It takes some heat to form ice on graphene

(Nanowerk News) In a paper published in Nature Communications ("Motion of water monomers reveals a kinetic barrier to ice nucleation on graphene"), the research team details the complex physical processes at work to understand the chemistry of ice formation.
The molecular-level perspective of this process may help in predicting the formation and melting of ice, from individual crystals to glaciers and ice sheets. The latter being crucial to quantify environmental transformation in connection with climate change and global warming.

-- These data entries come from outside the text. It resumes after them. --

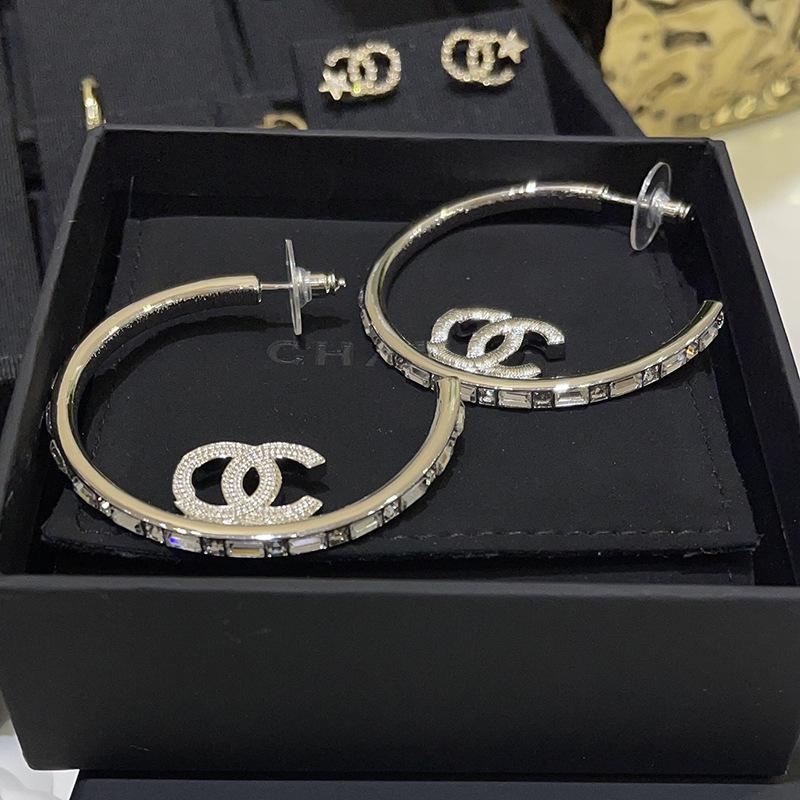 

Little Xiang Women s Exaggerated Double C Hoop Earrings: High-End, Trendy, Light Luxury Style for 2025
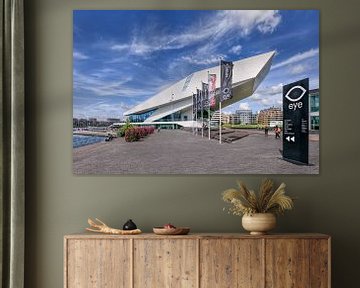 Eye Filmmuseum an einem sonnigen Tag mit einem blauen Himmel von Tony Vingerhoets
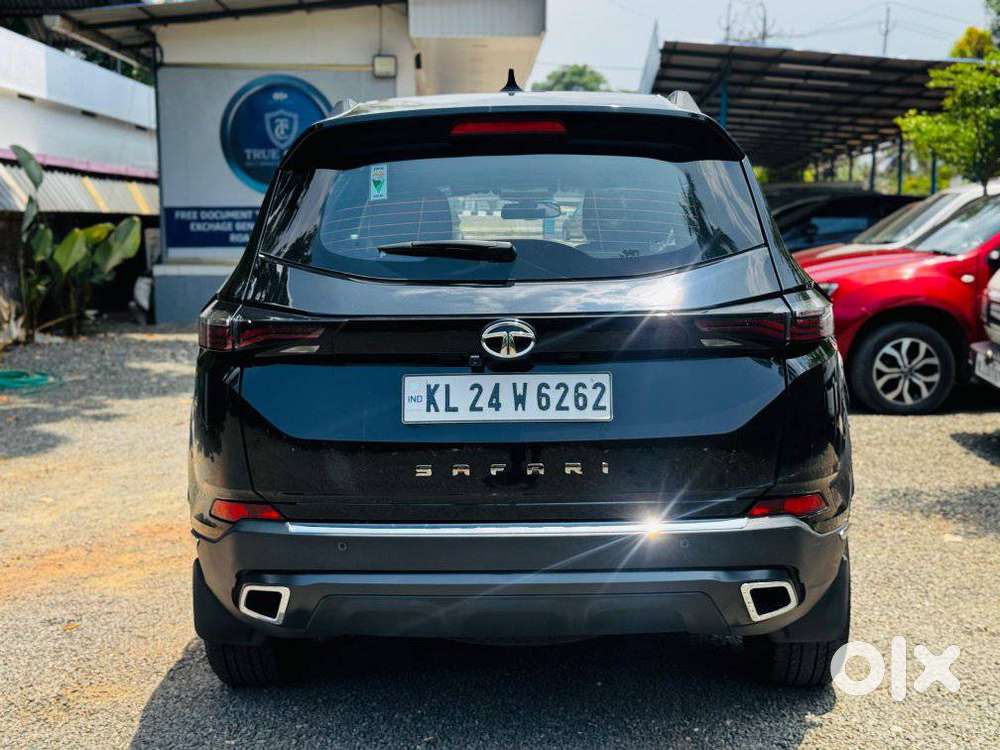 Tata Safari 2.0 Xza Plus 6 S Dark Edition, 2023, Diesel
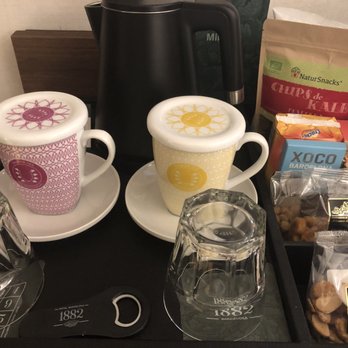 Hotel Barcelona 1882 - Tip: Coffee & Tea free (everything else you pay) 1/28/2019 - Hotels Near Me - Barcelona, B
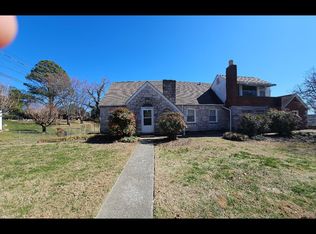 807 Gresham Rd APT 1, Knoxville, TN 37918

The team was able to track down the first step in ice formation, called nucleation, which happens in an incredibly short length of time, a fraction of a billionth of a second, when highly mobile individual water molecules find each other and coalesce. However, conventional microscopes are far too slow to follow the motion of water molecules, so it is impossible to use them to monitor how molecules combine on top of solid surfaces.
ice formation on graphene
The research team used a state-of-the-art Helium Spin-Echo (HeSE) machine to follow the motion of atoms and molecules. The team used HeSE to study the motion of water molecules on a model pristine graphene surface.

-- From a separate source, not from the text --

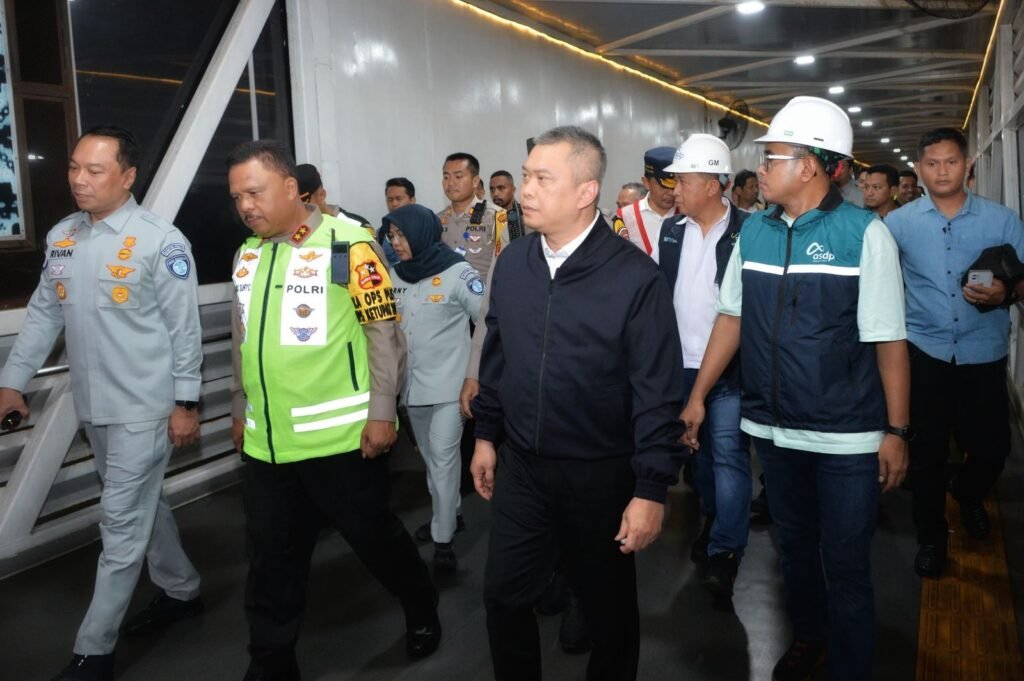 Menhub Jamin Pelabuhan Merak Tanpa Penumpukan Arus Lalu Lintas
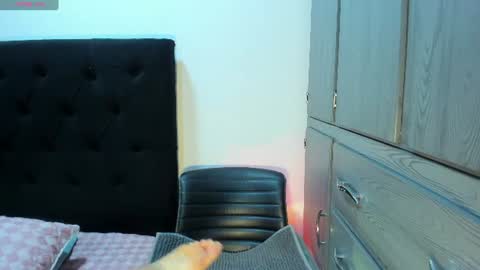 Violette online show from 07-08-26, 10:14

The researchers made a remarkable observation: the water molecules repel each other and need to gain sufficient energy to overcome that repulsion before ice can start to form.
It is the combination of both experimental and theoretical methods that have allowed the international team of scientists to unravel the behaviour of the water molecules. Together these have captured, for the first time, exactly how the first step of ice formation at a surface evolves and allows them to propose a previously unknown physical mechanism.
Dr Marco Sacchi, co-author of the study and Royal Society University Research Fellow at the University of Surrey, said: “Our results show that water molecules need to overcome a small but important energy barrier before forming ice. We hope that our unique collaborative project will go some way to helping us all understand the dramatic changes that are happening right across our planet.”
Dr Anton Tamtögl, lead and corresponding author, from Graz University of Technology, adds: “The observations completely alter our understanding of ice nucleation. The HeSE results looked very promising, but the motion of water was incredibly complicated and suggested counter-intuitive new physics. We decided that atomistic simulations were needed to interpret the results.”
Dr Andrew Jardine a Reader in Experimental Physics from the University of Cambridge, one of the developers of the HeSE method, said: “The technique is completely revolutionising our ability to follow physical and chemical processes at the single molecule level.”
Dr Bill Allison, also from the University of Cambridge, said: “Repulsion between water molecules has simply not been considered during ice nucleation - this work will change all that. The newly observed interactions also change the rate at which nucleation takes place, and hence at which ice can form. The work will therefore have important consequences in preventing ice formation, which is relevant to fields as diverse as wind power, aviation and telecommunications.”